Babin Patel - Analyst
Babin Patel - Analyst
Hey, good morning. This is Bhavin Patel on for Jason. Two questions from us. The first is, given the green space in PH-ILD, what's Liquidia's strategy to drive early market penetration for YUTREPIA? Can you share the marketing differentiation that you plan to promote to doctors? And then on, given the 505(b)(2) pathway, should we expect any differences in the label for YUTREPIA versus Tyvaso DPI? I know in the past, you've mentioned demonstrating titration to 3x higher doses compared to Tyvaso DPI.
嘿,早安。我是 Bhavin Patel,取代 Jason。我們有兩個問題。首先,考慮到 PH-ILD 的綠地,Liquidia 推動 YUTREPIA 早期市場滲透的策略是什麼?您能否分享一下您計劃向醫師推廣的行銷差異化?然後,考慮到 505(b)(2) 途徑,我們是否應該預期 YUTREPIA 與 Tyvaso DPI 的標籤會有任何差異?我知道,過去您曾提到過,與 Tyvaso DPI 相比,滴定劑量可高出 3 倍。

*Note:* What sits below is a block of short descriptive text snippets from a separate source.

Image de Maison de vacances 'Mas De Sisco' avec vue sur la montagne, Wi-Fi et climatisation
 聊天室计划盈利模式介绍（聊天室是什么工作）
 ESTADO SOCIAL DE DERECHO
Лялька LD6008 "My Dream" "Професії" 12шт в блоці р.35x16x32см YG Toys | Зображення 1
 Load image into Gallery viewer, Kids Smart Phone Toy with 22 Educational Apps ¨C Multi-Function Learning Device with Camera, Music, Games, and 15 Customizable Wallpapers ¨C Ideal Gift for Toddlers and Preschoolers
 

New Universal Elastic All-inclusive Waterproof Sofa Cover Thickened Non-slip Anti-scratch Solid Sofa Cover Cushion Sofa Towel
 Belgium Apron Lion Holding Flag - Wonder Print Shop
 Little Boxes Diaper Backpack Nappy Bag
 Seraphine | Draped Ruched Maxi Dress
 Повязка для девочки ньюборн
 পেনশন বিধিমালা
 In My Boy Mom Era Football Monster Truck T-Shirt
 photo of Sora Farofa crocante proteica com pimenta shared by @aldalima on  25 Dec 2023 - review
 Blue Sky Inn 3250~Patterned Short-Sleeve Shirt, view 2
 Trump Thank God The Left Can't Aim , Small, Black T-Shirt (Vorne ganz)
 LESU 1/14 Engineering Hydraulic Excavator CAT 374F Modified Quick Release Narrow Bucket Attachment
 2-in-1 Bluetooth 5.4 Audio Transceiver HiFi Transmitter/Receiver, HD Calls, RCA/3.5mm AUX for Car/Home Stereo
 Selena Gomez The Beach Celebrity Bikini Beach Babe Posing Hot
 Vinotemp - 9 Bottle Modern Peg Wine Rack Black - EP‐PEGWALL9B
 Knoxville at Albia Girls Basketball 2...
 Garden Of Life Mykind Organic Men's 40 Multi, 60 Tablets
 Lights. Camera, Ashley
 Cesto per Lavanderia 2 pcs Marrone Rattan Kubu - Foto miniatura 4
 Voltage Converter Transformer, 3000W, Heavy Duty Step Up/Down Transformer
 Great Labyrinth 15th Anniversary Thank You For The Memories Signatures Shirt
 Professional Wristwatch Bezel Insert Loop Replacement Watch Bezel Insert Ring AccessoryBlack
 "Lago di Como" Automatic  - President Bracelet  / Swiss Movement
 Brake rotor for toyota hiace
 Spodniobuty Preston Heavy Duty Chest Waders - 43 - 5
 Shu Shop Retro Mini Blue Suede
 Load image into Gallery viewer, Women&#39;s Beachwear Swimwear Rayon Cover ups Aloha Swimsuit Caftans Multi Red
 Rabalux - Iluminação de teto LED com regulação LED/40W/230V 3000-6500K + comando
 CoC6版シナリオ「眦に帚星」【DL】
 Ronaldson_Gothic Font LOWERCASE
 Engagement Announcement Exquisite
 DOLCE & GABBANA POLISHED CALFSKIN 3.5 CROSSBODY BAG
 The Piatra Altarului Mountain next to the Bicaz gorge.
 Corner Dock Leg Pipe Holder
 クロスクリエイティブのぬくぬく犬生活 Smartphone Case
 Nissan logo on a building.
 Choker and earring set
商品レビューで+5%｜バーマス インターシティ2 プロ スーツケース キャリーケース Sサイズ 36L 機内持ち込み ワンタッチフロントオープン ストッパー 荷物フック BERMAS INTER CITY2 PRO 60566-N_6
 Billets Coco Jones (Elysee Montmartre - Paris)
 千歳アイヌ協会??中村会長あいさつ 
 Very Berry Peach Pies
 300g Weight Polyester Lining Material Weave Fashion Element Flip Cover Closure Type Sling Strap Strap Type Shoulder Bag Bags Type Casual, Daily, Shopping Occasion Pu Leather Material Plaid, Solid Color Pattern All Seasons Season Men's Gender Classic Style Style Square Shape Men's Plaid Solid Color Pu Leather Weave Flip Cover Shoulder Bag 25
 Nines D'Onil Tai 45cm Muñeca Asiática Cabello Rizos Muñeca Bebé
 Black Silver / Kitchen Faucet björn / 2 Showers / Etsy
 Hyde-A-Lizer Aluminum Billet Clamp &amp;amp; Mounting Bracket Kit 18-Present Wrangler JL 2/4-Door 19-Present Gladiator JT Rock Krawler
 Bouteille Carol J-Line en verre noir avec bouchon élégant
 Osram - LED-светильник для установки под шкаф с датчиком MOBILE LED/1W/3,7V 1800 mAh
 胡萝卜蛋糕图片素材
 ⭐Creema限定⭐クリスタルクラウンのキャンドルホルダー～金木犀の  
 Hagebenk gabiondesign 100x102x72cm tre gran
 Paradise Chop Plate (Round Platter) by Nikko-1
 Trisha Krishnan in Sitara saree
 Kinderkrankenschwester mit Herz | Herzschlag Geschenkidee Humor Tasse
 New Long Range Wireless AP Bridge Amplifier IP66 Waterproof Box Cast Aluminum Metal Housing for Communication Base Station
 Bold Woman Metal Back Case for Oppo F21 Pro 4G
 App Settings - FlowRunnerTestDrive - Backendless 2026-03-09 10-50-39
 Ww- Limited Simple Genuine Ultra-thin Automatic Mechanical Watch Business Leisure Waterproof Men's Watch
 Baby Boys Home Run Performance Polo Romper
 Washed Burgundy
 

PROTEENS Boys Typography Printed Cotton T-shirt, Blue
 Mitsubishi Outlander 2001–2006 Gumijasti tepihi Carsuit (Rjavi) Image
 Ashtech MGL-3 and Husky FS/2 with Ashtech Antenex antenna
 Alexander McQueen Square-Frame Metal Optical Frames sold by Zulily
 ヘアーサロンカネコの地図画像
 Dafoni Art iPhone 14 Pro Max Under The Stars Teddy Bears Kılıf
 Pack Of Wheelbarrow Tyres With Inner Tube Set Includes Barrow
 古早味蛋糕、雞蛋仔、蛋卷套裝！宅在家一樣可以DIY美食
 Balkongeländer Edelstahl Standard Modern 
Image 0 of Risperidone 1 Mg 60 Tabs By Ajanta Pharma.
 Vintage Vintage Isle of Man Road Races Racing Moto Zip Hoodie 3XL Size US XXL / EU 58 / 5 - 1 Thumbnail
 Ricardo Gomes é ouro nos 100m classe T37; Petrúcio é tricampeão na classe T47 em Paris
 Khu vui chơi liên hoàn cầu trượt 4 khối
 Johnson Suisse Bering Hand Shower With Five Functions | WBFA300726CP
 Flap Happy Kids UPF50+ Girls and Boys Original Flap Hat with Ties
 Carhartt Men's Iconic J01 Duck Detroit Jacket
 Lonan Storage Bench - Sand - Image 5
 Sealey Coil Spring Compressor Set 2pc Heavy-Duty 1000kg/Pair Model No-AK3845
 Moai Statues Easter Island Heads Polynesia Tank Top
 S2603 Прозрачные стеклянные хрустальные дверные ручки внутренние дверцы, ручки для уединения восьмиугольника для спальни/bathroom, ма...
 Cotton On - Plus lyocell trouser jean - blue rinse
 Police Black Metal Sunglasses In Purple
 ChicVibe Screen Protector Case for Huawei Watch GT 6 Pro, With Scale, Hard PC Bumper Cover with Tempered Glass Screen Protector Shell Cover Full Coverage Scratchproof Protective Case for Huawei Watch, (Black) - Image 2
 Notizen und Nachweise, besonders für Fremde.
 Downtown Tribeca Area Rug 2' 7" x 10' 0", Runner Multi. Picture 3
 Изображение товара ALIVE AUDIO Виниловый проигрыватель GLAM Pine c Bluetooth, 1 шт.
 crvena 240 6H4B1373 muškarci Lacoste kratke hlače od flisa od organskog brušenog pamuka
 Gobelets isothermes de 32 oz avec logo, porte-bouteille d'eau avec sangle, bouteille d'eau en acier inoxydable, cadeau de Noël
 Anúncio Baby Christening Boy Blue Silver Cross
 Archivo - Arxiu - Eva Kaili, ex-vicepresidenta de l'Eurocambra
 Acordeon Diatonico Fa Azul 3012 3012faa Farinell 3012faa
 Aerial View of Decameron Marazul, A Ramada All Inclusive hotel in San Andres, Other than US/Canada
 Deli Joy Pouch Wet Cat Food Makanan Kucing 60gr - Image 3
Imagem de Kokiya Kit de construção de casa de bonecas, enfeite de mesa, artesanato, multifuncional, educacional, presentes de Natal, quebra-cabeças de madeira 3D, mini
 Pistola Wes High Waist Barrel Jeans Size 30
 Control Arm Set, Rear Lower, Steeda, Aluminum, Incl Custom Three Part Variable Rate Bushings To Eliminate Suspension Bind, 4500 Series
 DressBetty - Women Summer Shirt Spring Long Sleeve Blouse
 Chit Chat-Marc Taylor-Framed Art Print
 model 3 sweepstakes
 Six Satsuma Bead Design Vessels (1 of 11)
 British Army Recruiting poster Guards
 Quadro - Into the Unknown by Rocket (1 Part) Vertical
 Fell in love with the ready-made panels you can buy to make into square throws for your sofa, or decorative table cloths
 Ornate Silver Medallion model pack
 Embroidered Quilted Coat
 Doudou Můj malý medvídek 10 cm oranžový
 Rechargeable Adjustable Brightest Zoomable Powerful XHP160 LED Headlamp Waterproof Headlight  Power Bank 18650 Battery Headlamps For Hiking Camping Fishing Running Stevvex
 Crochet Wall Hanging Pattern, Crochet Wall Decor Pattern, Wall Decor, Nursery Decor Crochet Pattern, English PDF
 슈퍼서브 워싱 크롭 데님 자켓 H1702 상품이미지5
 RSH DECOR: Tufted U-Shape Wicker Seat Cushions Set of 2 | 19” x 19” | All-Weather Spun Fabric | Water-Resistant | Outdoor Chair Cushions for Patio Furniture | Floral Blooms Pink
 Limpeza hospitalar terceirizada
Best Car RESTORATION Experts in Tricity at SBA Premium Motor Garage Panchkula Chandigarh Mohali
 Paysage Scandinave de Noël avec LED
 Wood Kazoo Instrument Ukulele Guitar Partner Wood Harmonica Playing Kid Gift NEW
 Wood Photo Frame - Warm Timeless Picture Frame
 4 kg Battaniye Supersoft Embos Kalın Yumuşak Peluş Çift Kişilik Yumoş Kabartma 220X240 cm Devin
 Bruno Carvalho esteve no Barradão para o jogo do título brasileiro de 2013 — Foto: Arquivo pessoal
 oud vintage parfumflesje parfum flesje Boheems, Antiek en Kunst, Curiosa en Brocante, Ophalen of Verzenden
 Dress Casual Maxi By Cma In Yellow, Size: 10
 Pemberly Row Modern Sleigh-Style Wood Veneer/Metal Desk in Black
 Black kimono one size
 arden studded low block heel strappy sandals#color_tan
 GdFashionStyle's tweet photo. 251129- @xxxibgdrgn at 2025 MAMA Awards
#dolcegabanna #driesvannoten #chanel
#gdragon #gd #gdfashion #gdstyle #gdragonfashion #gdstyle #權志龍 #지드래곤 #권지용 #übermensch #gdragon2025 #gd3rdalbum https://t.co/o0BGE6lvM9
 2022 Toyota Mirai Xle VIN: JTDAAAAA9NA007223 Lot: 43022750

Roger Jeffs - Chief Executive Officer, Director
Roger Jeffs - Chief Executive Officer, Director
Yeah. So I'll answer the second question first, and then I'll ask Scott Moomaw, our Chief Commercial Officer, if he would address the launch dynamics around PH-ILD and differentiation that we intend to emphasize. So you're exactly correct, Bhavin. I think the label, it is a 505(b)(2), so we share, obviously, the indication claims and things like that.
是的。因此,我先回答第二個問題,然後我會詢問我們的首席商務官 Scott Moomaw,他是否會談談我們打算強調的 PH-ILD 的發布動態和差異化。所以你完全正確,Bhavin。我認為該標籤是 505(b)(2),因此我們顯然共享適應症聲明和諸如此類的東西。
But where we differ from the label is in the dose titration table because in our study that we used to bridge, we showed that we could escalate the doses, as you mentioned, up to 3 times higher than the target therapeutic dose of the brand.
但我們與標籤上的不同之處在於劑量滴定表,因為在我們用來橋接的研究中,我們表明,正如您所提到的,我們可以將劑量提高到品牌目標治療劑量的 3 倍。
So that will be in the label. And I think it's an important point of differentiation because it's what -- it's PRINT-enabled using our proprietary PRINT technology to drive the particles to the lower airway preferentially and avoid the toxicities associated with upper airway deposition.
所以這將在標籤中。我認為這是一個重要的區別點,因為它是使用我們專有的 PRINT 技術實現的,可以優先將顆粒驅至下呼吸道,避免與上呼吸道沉積相關的毒性。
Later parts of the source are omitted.